I agree that explicit annotations might be more stable approach than automagically guessing based on the ENTRYPOINT. In https://github.com/freeipa/freeipa-container and in the rhel7/ipa-server container image, the ENTRYPOINT is a bash script which populates the data volume and only then execs systemd.
I am fine with doing this via annotation, although label might be better, since DockerV2 spec does not support Annotations. Then you could embed the Lable in the Container/Image and the user would not need to do anything special to get this to work. If the image/container has a systemd V1 label, then crun does the right thing.
Sure, labels would work too.
the label must be handled by podman, the OCI runtime doesn't have access to this information, we'll need both. I think we still need an annotation to force this behaviour when the image doesn't specify the label, or using --rootfs.
I am not sure what the difference is? I can still do podman run --label run.oci.systemd.force_cgroup_v1=/sys/fs/cgroup ... or podman run --label run.oci.systemd.force_cgroup_v1=/sys/fs/cgroup --rootfs ... But if the centos7-init and rhel7-init containers have this label backed into the image then podman run ... will just work.

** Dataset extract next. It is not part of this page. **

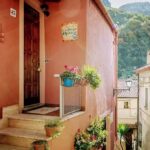B&B Borgo Antico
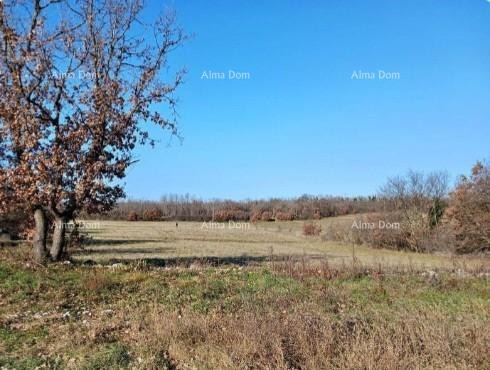 Продажа земли под застройку 1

I think Giuseppe is saying that labels are not passed to the OCI runtime, only annotations. Images contain labels, not annotations. This is a tricky/annoying distinction. Podman (and Docker before it) allows labels as arbitrary key-value metadata. The OCI runtime spec separately allows annotations as arbitrary key-value metadata. Unfortunately, these are entirely distinct - Podman uses labels largely for filtering in `ps`/`images` and annotations to trigger specific OCI runtime behaviour (like this). Labels are inherited from images, but annotations are not (images don't have annotations metadata).
OCI Images support annotations, but I don't think Dockerfile does at this time. So you can do a buildah commit --annotation x=y container.
Is it reasonable to make an annotations <-> labels mapping, or would that break things?
I shied away from that when initially writing Podman because of the differing uses (I didn't want a chance of someone setting a label to identify their container and then accidentally triggering weird behavior in the OCI runtime) but we could potentially look into mapping some labels that we know are valid, well-supported OCI runtime annotations.
Matt and Giuseppe, I say we go forward with this for Fedora. We could make up a hacky label LABEL ANNOTATION:X=y, which tells podman to set the annotation X=y when running the OCI runtime.
This message is a reminder that Fedora 31 is nearing its end of life. Fedora will stop maintaining and issuing updates for Fedora 31 on 2020-11-24. It is Fedora's policy to close all bug reports from releases that are no longer maintained. At that time this bug will be closed as EOL if it remains open with a Fedora 'version' of '31'. Package Maintainer: If you wish for this bug to remain open because you plan to fix it in a currently maintained version, simply change the 'version' to a later Fedora version. Thank you for reporting this issue and we are sorry that we were not able to fix it before Fedora 31 is end of life. If you would still like to see this bug fixed and are able to reproduce it against a later version of Fedora, you are encouraged change the 'version' to a later Fedora version prior this bug is closed as described in the policy above. Although we aim to fix as many bugs as possible during every release's lifetime, sometimes those efforts are overtaken by events. Often a more recent Fedora release includes newer upstream software that fixes bugs or makes them obsolete.
Discussion above seems to indicate this isn't obsolete, taking a guess that Rawhide is appropriate.
Ok the question is how important is this? RHEL8.4 will have crun and people might be encouraged to move to cgroups V2 (at least we have been talking to customers about it.) RHEL9 will be cgroups v2 by default. Will the importance of RHEL7 systemd based init containers still exists? Or will everyone have moved on to RHEL8 and RHEL9 images?
EL7 still has many years of support lifetime left, thus lots of people are still using EL7 containers images, including systemd. At least I am :)
This bug appears to have been reported against 'rawhide' during the Fedora 34 development cycle. Changing version to 34.
Giuseppe can you make the change to CRUN, and we just pass down the annotation. We can specify the annotation in a OCI Image and or the user would have to specify it. Just need crun to support it, and then to document it in man pages.
this is implemented in crun: https://github.com/containers/crun/pull/357
This message is a reminder that Fedora Linux 34 is nearing its end of life. Fedora will stop maintaining and issuing updates for Fedora Linux 34 on 2022-06-07. It is Fedora's policy to close all bug reports from releases that are no longer maintained. At that time this bug will be closed as EOL if it remains open with a 'version' of '34'. Package Maintainer: If you wish for this bug to remain open because you plan to fix it in a currently maintained version, change the 'version' to a later Fedora Linux version. Thank you for reporting this issue and we are sorry that we were not able to fix it before Fedora Linux 34 is end of life. If you would still like to see this bug fixed and are able to reproduce it against a later version of Fedora Linux, you are encouraged to change the 'version' to a later version prior to this bug being closed.
Looks like it got fixed long ago.